This is a far too charitable interpretation of the problem. Students who cheat in these circumstances aren’t working together with their peers or LLMs to understand the subject matter.

They’re using the LLM to bypass the learning part completely. Homework problem gets pasted into ChatGPT. Answer is copied and pasted out.

This is analogous to a student who copies a peer’s homework answers without trying to understand them.

This isn’t “learning to collaborate” or networking. It’s cheating.

In practice, it catches up to students at test time. This is the primary problem for my friend who teaches a couple classes at a local community college: Students will turn in LLM work for the assignments and then be completely blindsided when they have to come in and take a test, as if they’ve never seen the material before.
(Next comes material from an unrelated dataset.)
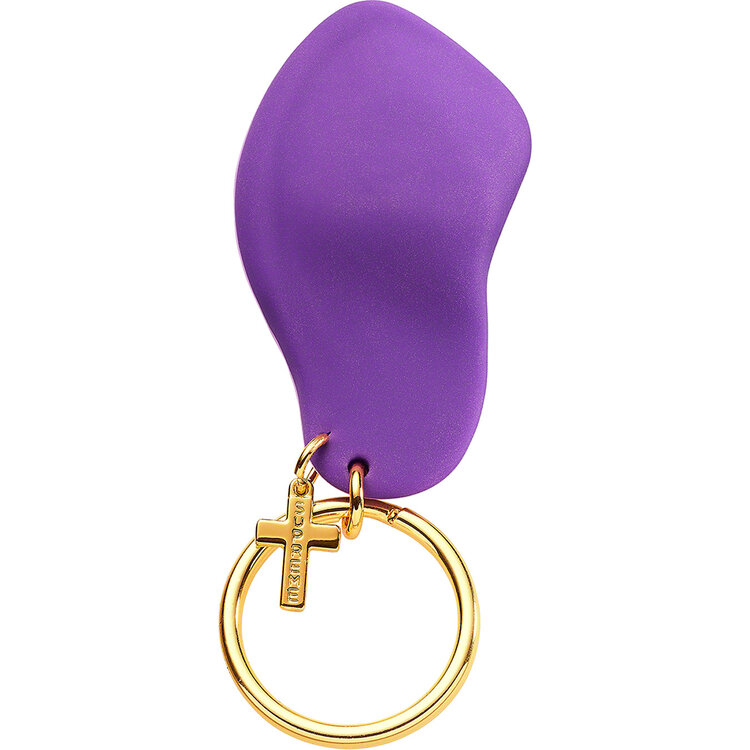 SUPREME EAR KEYCHAIN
One time he assigned a short essay on a topic they discussed with a generic name. A large number of the submissions were about a completely unrelated thing that shared the generic name. It would not be possible for anyone to accidentally make this mistake if they were actually parsing the LLM output before turning it in. They just see it as an easy button to press to pass the course, until it catches up with them later and they’re too far behind to catch up to people who have been learning as they go.

7. Spooky23 ◴[] No.45133664{4}[source]
Doctors are already running to ChatGPT. I went to an urgent care the other day and the PA regurgitated what the LLM told me in the waiting room.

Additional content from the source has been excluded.